「日本映画の感想文」のトップページへ

「サイトマップ」へ


セクシー地帯(ライン)


■公開:1961年
■制作:新東宝
■監督:石井輝男
■助監:深町幸男
■脚本:石井輝男
■原作:
■撮影:
■音楽:
■美術:
■主演:三原葉子
■寸評:なんでいつもそんなトロいんだ、輝雄ちゃんったら!


 サラリーマンの吉岡・吉田輝雄は部長から預かった手帳をボインの女スリ・三原葉子にスラれてしまい、挙句にモタモタしていた彼はスリの共犯として逮捕されてしまう。部長に貰い下げてもらい事無きを得たかに思えた吉田であったが、急に大阪への左遷が決まる。吉田には恋人・三条魔子がいた。ところが三条はさる組織から派遣された商売女。部長ともラブアフェアな関係を持ち、関西のオヤジというパトロンとは援助交際という完璧な三股状態なのだった。

 しかし三条は実は吉田に本気で惚れていたので、部長に左遷をやめさせようとする。今までの関係を洗いざらいぶちまけると脅迫したのだった。そんなこととはつゆ知らず、純朴な吉田は三条のアパートに立ちよったが返事が無かったので落胆し、仕方無く、部長のところへ自分で謝りに出かける。

 三条はアパートですでに殺されていた。容疑者としてマークされた吉田は慌てふためく。偶然、三原と再会した吉田は彼女から部長の持っていた「クロッキークラブ」の会員証を返して貰う。好奇心とお色気が旺盛な三原葉子に励まされた吉田は、自分の無実を晴らすためにさっそく、調査を開始する。
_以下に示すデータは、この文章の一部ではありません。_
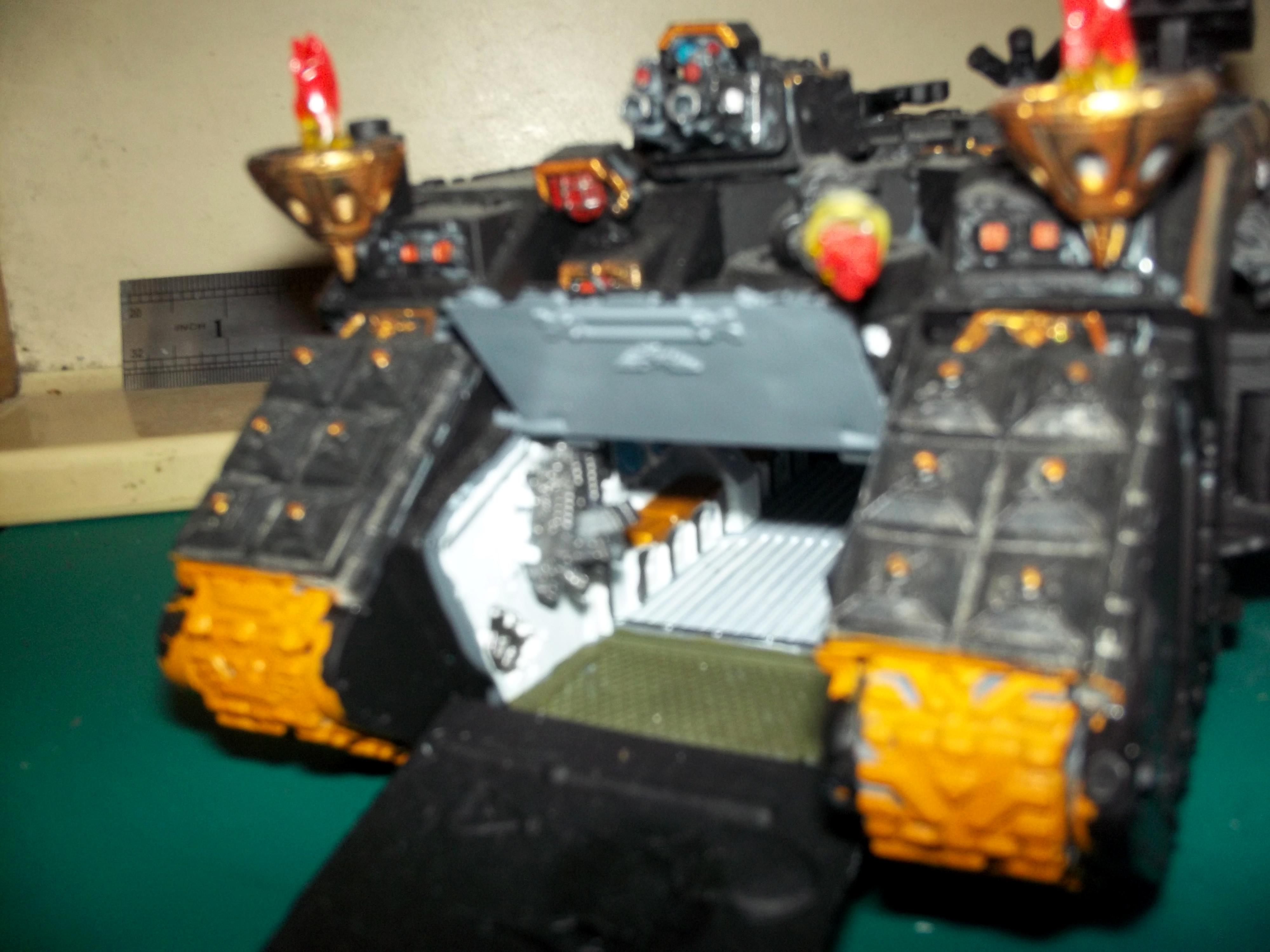 Black Templars, BT raider 2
 クロッキークラブに関係しているらしい喫茶店のウエートレス・池内淳子と知り合った吉田は、彼女の口から、件のクラブが売春組織であることを知る。三原葉子はモデルとしてクラブに潜入。しかし、吉田とともにクラブの秘密を探る途中で顔を知られた女の証言により、吉田ともどもボス・沖竜次、子分・杉山弘太郎らによって監禁されてしまう。

 三原がクラブの窓から投げたSOSの紙ヒコーキは、バタ屋の子供を介して馴染みの刑事・細川俊夫の手に渡っていた。なんとか監禁されていた地下室から逃げ出した二人の後を沖の手下が追う。あわや二人が撃たれそうになった時、警察がかけつけ一味は逮捕された。

 バタ屋の子供の紙ヒコーキがなかなか刑事の手に渡らない。そのヤキモキがお約束なんだけど、やっぱりヤキモキさせられちゃう。作り手の演出に分かってて「乗る」楽しさが気持ちイイ。色敵の沖竜次もワルなんだけどなんとなくオツムのネジが緩そうなところがカワイイし。

 上質な娯楽映画には作り込みが不可欠、そういうのがダサいって人には勧めないけれど、心地よい音楽に、イカス野郎とカワイイ女優がいてこそ「夢」が見られるものなのさ。

 クロッキーってのは分かりやすく言うと短時間で仕上げるデッサンのこと。美大生にとってはどうってことないヌードモデルだけど、これとストリッパーの区別がつかない野郎の皆さんが、堂々と猥褻物陳列を楽しもうってのがこの「クロッキークラブ」の趣旨なのだ。いたんだよねえ昔、某N大の芸術学部にはさあ「裸婦デッサンのときは呼んでくれよ」なんつう他学科(美術学科以外)のスケベヤローが。あ、男性モデルのときもいたような、、。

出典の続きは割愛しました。